380 Lafayette St., at Great Jones St.; 212-533-3000
James Belisle, the house boulanger at Andrew Carmellini’s French café, prepares his pretzels in a kind of cross-cultural “Alsatian” mode. His folded dough gets a dip in a water bath with food-grade lye, the traditional, fussy prebake ritual that ensures a deep brown color will develop in the hot oven. The pretzels emerge with a spindly interior and puffed-up outer ring, meaning bites alternate between crisp and fluffy. A sprinkle of flaky salt lends a satisfying crackle.
3. Bronx Baking Co.
Available at multiple locations
The first Ghostbusters was playing in theaters the last time anyone bought a decent pretzel from a street cart. Alexis Farachi, a Bronx-based upstart and baking savant, wanted to change that, so she delved into research to come up with an amazing pretzel that could be sold around town. Her finished product is chewy, with a hint of sweetness, that would be welcome on many street corners.
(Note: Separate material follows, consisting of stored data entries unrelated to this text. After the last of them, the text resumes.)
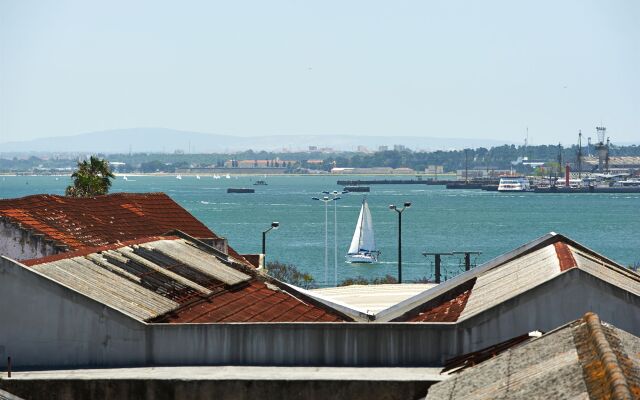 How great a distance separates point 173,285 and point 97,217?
39.2 feet

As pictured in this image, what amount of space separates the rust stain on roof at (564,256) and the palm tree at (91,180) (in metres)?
35.5

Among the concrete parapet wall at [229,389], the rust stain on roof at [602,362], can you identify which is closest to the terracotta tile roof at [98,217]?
the concrete parapet wall at [229,389]

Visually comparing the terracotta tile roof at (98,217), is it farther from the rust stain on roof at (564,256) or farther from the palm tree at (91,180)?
the palm tree at (91,180)

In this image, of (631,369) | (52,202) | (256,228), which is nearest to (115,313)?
(631,369)

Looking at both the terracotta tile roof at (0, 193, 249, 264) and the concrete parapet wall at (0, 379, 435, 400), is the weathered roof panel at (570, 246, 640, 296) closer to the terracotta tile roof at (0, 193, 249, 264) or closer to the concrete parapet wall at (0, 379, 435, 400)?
the concrete parapet wall at (0, 379, 435, 400)

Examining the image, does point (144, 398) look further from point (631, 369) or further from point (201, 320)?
point (631, 369)

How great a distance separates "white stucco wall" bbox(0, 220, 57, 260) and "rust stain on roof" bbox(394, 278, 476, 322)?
10.3 metres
For now, though, you’ll find them in dozens of locavore-leaning shops and establishments, such as 61 Local and the Greene Grape.
4. Sigmund’s Pretzel Shop
29 Ave. B, nr. 3rd St.; 646-410-0333
Sigmund’s pretzels happen to be the softest of all soft pretzels, and the more experimental flavors are surprisingly effective: Feta and olive proffers a volcanic bloom of cheese spouting from a pastry mantle; caraway makes a welcome appearance elsewhere. The Gruyère-paprika pretzel is made with a heap of cheese blast-melted on top that gives it a sharp, elegant funk. Sigmund’s “churro pretzel” may sound like a marketing exercise in hybrid food 101, but the pillowy, cinnamon-sugar-sprinkled demeanor would devastate Auntie Anne if she ever caught word of it.
5. Prime Meats
465 Court St., at Luquer St.; 718-254-0327
Thin, loopy, and crisp on top, thick and soft on the bottom, with a generous reservoir of coarse-grain salt, this southwestern German version is served with a big pat of butter and mustard, which means it is essentially calling out for a big side of weisswurst. Thankfully, Frank Castronovo and Frank Falcinelli make that in house as well. Lovers of grab-and-go pretzels are in luck, too, since the Franks also sell these at their nearby coffee shop, Cafe Pedlar.
6. Crimson & Rye
198 E. 54th St., at Third Ave.; 212-687-6692
Kudos to chef Charlie Palmer for keeping a lowly pretzel on his bar menu while the rest of the world continues to obsess over sliders and tartare. Palmer’s version of the classic New York snack has a dark exterior that packs a distinct alkaline tang. It’s outsize and inflated, and the accompanying beer cheese is actually a melty dip that approaches fonduta, which is an appropriate touch considering this pretzel’s swanky surroundings.